HILBERT, Ernest. Sixty Sonnets. Los Angeles: Red Hen Press, 2009. Small octavo, original paper wrappers.

First edition of Hilbert’s first book of poetry, inscribed on the half-title, “Dear Plato, we haven’t learned a thing” and signed by Hilbert, with his chop stamp beneath his signature.

“Hilbert’s sure-footed poems have the breathless urgency of a man telling others the way out of a burning building. Unafraid to startle, often winning out over recalcitrant material, they score astonishing successes. A bold explorer with few rivals, Hilbert enlarges the territory of traditional form.
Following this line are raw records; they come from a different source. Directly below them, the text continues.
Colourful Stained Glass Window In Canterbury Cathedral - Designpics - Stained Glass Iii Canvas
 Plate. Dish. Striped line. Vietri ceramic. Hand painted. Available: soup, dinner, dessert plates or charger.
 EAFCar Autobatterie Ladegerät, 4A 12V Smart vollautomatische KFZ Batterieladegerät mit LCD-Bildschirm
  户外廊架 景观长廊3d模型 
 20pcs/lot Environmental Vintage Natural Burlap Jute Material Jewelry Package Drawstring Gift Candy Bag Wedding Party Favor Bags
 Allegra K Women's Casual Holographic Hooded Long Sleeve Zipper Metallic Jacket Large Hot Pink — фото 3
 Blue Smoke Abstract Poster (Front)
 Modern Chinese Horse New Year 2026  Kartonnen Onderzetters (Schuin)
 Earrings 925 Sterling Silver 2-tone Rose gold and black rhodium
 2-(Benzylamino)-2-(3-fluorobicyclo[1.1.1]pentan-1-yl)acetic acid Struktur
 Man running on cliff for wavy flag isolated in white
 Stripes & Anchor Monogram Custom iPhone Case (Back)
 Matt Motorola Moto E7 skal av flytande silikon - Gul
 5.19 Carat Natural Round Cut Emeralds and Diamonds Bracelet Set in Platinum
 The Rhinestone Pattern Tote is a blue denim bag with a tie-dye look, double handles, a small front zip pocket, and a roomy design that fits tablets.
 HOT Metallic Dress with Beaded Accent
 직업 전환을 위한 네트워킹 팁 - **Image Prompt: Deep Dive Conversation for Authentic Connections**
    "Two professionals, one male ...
Sixty Sonnets may be the most arresting sequence we have had since John Berryman checked out of America” (X.J. Kennedy). “Like the minutes of the hour, these Sixty Sonnets both combine to make a whole and shine as individual moments. While groups of these sonnets occasionally suggest a narrative— refreshingly, like the fugitives and weary academics that people these pages— they work alone. The newspaper crime blotter itself, from which, perhaps, some of these incidents are torn, speaks up as a single sonnet. Here are barflies, high-school dropouts, retired literary critics, washed-up novelists and war-zone reporters, suburbanites and historians, and lyrics with a range of reference from Zippos and Star Wars figures to George Gissing and Thomas Eakins. Mostly in a decasyllabic line that allows for the roughed-up prose rhythms of speech, these sonnets tend to conclude in true iambic pentameter, the tradition that haunts rather than dominates these poems. It is the voice of a less lyrical Prufrock (‘We’ll head out, you and me, have a pint’), a voice that speaks with unsentimental affection for the failures, the ‘fuck-ups,’ the ‘Gentlemen at the Tavern— but it is a voice that just as easily could be speaking of the gentlemen at the Mermaid Tavern, and indeed there is something of Marlowe, as well as Eliot, in this sensibility. The evasive presence in the background occasionally speaks in propria persona— the wry, worldly-wise voice of the poet himself— as much listener as talker— something like a sympathetic bartender, scrupulous in his measures, who has heard it all before, but nightly observes every hour unfold afresh from behind the counter” (A.E. Stallings). The inscription references the poem “Dear Plato,” which appears on page 39. First issue, with “pad” instead of “pat” on line 10 of page 44. The book’s first issue appeared with either glossy or matte paper wrappers, priority undetermined; this copy has the glossy wrappers.

Fine condition.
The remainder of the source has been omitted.